RewireMIPIM UK NEWS: No one will notice your talent unless you make it easy for them.

That was the message at EG’s REWIRE debate, supported by Blayze Group, at MIPIM UK last week. The discussion, on the changing perceptions of success, covered everything from personal and professional confidence to flexible working and the importance of role models in the workplace.

Lucinda Bell, chief financial officer at British Land, who made the comment, stressed the importance of not underrating personal performance when it comes to pay reviews and job interviews.

“It is well known that women don’t tend to ask for pay rises, but in a way we have to take responsibility for that. You have to go and push for these things and be happy having the uncomfortable conversation. You are not always going to get it, but you’ve got to ask,” she said. “Are you marking yourself down before you get there so you don’t have to have an uncomfortable conversation?”

The situation is one that fellow panelist Sadie Morgan, co-founder of dRMM Architects, encountered when she was made a visiting professor of interior architecture at the University of Westminster earlier this year.

Morgan said she argued the case for being awarded a salary in band A, which only 5% of people get and rarely straight away.

“Six months ago I would have assumed I would be entry-level C, but I read through the criteria and felt certain I am an A,” she said. “I am not an academic, but my skills are transferable. So I wrote my reasoning for why I was good enough to be an A, thinking they would send it back, and they completely accepted it. It was entirely my own immediate sense of not being good enough.”

• SEE ALSO: REWIRE – giving women in property a voice

The discussion turned to the gender pay gap, which this year sits at 23% (2015: 26%), according to the Estates Gazette Salary Survey.

 

Carter Jonas partner Alexandra Houghton said the issue with the gender pay gap in property was the average. She noted that women in similar roles to men were paid similar wages, but there were just more women in support roles than there were men, which brought the average down.

However, she added that a shortage of women in senior roles did not mean that ambitious women in property were without inspiration. “The most important thing is having role models so that women can see there are good paths to success.
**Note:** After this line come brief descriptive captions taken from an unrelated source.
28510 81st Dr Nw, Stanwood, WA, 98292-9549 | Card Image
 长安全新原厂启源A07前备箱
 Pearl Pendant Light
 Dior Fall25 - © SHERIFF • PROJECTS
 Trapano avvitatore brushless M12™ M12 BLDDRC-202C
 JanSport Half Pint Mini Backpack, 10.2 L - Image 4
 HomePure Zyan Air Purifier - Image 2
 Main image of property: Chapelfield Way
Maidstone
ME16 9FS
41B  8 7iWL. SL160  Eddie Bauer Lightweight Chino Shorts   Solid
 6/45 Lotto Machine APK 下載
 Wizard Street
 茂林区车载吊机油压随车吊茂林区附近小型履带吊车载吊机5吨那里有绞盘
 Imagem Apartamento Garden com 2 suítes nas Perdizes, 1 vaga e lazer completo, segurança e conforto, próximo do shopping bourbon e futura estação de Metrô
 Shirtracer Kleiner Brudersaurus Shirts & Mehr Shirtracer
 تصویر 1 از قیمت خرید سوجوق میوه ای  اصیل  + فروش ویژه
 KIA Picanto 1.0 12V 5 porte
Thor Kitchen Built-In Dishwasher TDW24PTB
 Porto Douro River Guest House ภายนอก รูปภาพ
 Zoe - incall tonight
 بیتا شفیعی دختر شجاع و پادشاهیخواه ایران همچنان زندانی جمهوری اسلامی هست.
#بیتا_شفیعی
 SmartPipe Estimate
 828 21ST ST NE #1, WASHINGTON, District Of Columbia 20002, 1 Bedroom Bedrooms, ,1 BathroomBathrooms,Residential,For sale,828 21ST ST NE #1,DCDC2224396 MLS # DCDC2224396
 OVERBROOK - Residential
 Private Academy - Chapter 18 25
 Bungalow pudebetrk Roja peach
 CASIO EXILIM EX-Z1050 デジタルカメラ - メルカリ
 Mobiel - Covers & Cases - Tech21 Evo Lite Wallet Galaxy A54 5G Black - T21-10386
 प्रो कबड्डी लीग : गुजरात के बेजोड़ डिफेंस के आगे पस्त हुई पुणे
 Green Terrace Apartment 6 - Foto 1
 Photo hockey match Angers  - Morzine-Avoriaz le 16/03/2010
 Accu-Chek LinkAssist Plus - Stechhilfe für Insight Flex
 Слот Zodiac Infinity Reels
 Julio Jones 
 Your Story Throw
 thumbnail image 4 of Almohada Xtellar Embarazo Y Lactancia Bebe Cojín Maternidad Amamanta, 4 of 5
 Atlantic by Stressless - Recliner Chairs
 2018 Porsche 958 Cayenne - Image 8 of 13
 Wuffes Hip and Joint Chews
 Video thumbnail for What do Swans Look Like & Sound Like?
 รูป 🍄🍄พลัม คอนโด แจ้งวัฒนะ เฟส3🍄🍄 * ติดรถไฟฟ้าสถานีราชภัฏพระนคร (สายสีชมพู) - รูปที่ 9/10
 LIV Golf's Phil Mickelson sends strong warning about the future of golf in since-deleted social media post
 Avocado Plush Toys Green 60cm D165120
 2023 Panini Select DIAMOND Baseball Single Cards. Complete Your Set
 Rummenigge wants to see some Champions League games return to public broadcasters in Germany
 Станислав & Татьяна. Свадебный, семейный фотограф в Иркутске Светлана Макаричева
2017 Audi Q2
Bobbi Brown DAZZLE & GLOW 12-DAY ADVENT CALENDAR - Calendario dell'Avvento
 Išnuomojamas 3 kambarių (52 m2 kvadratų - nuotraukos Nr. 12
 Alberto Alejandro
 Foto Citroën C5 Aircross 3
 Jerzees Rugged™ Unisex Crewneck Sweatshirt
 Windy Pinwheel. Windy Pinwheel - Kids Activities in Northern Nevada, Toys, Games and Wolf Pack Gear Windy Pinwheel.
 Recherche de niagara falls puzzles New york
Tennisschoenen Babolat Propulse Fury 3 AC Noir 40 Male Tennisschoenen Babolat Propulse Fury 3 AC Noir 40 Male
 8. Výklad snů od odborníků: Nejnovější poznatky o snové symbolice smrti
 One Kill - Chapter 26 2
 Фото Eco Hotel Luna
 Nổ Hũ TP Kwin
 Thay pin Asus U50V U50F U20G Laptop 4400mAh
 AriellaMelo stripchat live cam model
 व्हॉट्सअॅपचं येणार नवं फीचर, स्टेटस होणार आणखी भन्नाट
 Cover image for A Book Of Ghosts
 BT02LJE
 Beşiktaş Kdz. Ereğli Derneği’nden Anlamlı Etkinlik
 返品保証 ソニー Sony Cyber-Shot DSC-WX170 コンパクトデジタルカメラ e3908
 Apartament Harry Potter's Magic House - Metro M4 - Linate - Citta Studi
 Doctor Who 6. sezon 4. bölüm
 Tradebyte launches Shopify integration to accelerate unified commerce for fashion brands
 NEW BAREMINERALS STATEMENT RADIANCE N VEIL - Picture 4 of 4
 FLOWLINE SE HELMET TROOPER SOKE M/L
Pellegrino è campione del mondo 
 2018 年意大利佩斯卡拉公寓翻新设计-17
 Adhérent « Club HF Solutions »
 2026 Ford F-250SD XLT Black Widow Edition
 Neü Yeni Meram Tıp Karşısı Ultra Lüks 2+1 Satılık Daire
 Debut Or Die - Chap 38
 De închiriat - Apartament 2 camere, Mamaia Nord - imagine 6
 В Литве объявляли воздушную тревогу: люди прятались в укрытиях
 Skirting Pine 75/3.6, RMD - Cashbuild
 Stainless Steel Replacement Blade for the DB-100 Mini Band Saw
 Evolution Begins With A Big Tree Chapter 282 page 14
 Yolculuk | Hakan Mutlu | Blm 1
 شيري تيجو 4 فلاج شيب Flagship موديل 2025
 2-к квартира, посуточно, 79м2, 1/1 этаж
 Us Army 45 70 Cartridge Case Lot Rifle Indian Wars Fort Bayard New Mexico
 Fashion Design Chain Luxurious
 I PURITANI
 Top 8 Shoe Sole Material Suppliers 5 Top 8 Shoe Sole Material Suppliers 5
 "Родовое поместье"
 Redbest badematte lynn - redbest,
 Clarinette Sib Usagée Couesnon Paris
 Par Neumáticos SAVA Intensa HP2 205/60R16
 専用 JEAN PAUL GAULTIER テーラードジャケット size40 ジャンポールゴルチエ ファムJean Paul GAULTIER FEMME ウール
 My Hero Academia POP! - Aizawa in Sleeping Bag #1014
But role models are not always at the top,” she advised. “Search the middle tier; inspiration can also be found at other levels of the business.”

For all of the panel, confidence played an important role in pathways to success, regardless of gender.

“My career has developed because of confidence,” said Morgan. “The minute I started putting myself out there and had confidence in what I could do, my career just blossomed.

“Success is about your place in the world and how you feel you are contributing to it,” she added. “It is about understanding that your contribution doesn’t have to be your name up in lights, a contribution to the world can be something much quieter, but that doesn’t mean it is anything less.

“If you roll with the punches and work out what skills you have as a person, regardless of gender, if you find out what you are good at and how you articulate that, that is what is important.”

Showcasing those skills is vital, agreed the panel, and sometimes being the only woman in a room full of men is the perfect opportunity to stand out from the crowd.